Turkish Marinated Chicken Kebabs
Urfa Biber is a very flavorful chile pepper. Somewhat sweet and chocolatelty, with hints of smokiness, it is a common chile pepper in Turkey. It is used in marinades, as a rub and as a condiment just as we use salt & pepper. Over here we use it many other ways. We have many other ideas how to use it on our website. Click HERE.
Serve with a traditional rice pilaf or basmati rice and pita bread for a complete meal. Use torn pieces of the pita bread to pick up the chicken instead of using a fork. We hope you enjoy the Turkish Marinated Chicken Kebabs as much as we do.
2 Pounds Skinless Boneless Chicken Breast Halves, (about 3 or 4 medium), cut into 1 ½ inch Cubes
1 ½ Tablespoons Urfa Biber Pepper Flakes, plus additional for Garnishing
2 Teaspoons Spanish Sweet Paprika, plus additional for Garnishing
3 Tablespoons Warm Water
3 Tablespoons Extra Virgin Olive Oil
2 Tablespoons Red Wine Vinegar
1 Cup Plain Whole Milk Greek Yogurt
2 Tablespoons Tomato Paste (You can also make what you need from Tomato Powder and water.)

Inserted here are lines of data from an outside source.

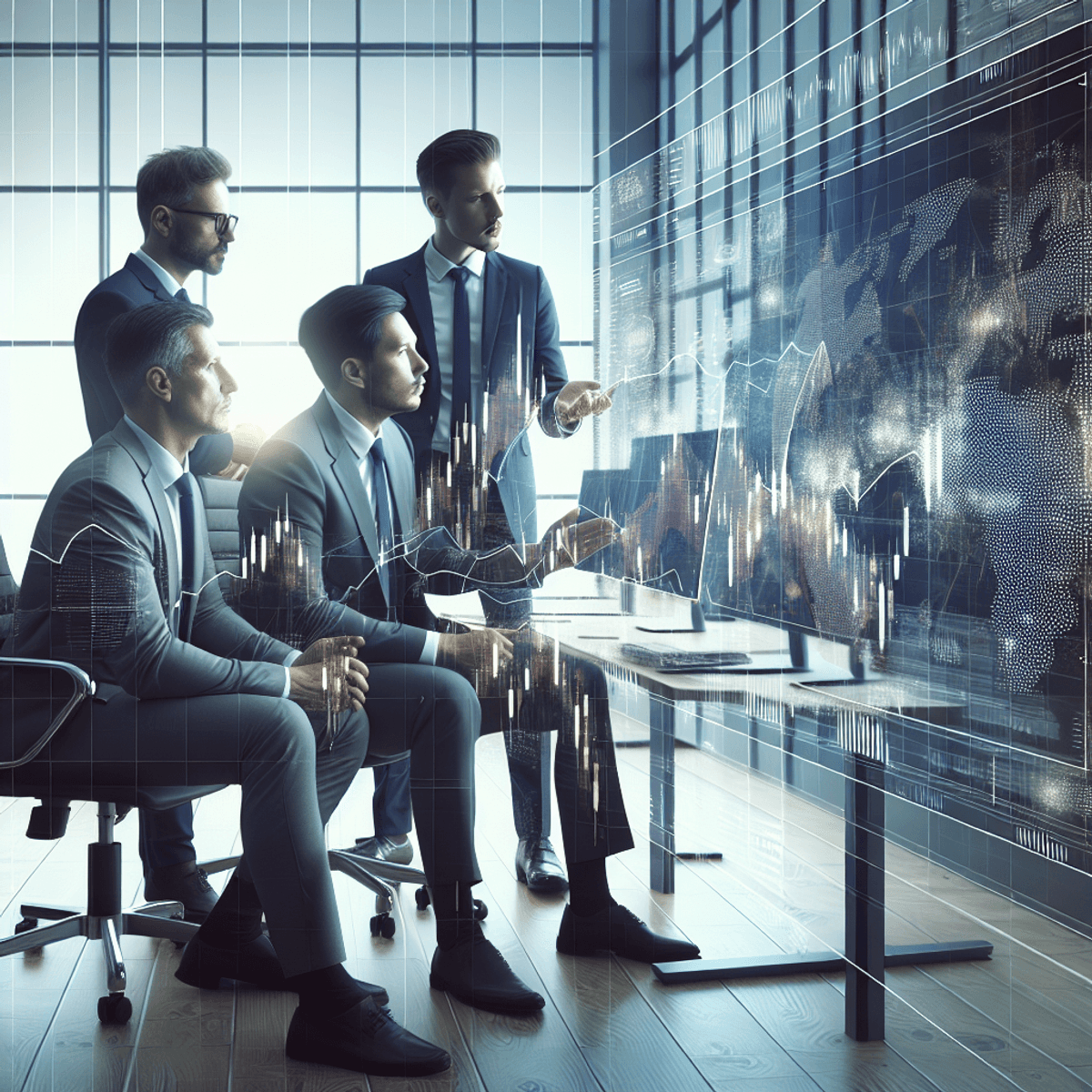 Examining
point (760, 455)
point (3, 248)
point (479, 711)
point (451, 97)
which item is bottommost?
point (479, 711)

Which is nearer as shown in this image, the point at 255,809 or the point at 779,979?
the point at 255,809

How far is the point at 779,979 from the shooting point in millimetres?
1622

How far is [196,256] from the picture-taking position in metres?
1.52

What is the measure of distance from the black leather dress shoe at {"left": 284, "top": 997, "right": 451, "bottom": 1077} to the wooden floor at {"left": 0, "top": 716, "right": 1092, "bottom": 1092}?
2 cm

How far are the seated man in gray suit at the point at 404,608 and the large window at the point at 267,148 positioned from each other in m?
0.08

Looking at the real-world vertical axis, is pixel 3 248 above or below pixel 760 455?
above

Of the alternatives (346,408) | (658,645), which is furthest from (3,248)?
(658,645)

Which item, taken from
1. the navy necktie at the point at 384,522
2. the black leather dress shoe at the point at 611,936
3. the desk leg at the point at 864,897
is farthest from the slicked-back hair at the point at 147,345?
the desk leg at the point at 864,897

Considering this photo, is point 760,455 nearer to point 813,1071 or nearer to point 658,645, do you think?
point 658,645

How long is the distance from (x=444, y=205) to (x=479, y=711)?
2.57 ft

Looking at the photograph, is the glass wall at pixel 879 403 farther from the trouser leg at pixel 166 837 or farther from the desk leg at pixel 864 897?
the trouser leg at pixel 166 837

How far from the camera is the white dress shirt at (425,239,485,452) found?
1.53 meters

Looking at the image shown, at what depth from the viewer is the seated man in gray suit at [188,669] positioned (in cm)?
147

1 Tablespoon Minced Garlic
2 Teaspoons Kosher Salt
1 Teaspoon Freshly Ground Black Pepper
2 Lemons Unpeeled – 1 cut into thin slices for marinade and one into wedges for serving
4 Flat metal skewers
In a medium mixing bowl, place the Urfa Biber Pepper, Sweet Paprika and the 3 tablespoons warm water. Stir a bit allowing the water to be absorbed. Let stand about 5 minutes. Add the olive oil, red wine vinegar, yogurt, tomato paste, garlic, salt, and black pepper to the mixture. Mix well to blend. Add the lemon slices, stir them in, then add the chicken. Cover the bowl and refrigerate for 1 to 2 hours to allow the flavors to develop. The yogurt helps make the chicken tender.
Prepare a medium-high grill. Thread the chicken pieces on the 4 skewers, dividing them equally. Discard the leftover marinade.
Sprinkle the chicken with a bit more Urfa Biber, paprika, salt and pepper. Brush the grill with oil to help prevent the chicken from sticking. Grill the chicken about 5 to 6 minutes, then turn over and grill another 5 to 6 minutes until golden brown and fully cooked. Don’t overcook or it will dry out. Transfer the skewers to a serving plate. Serve with the lemon wedges and an extra sprinkle of Urfa Biber.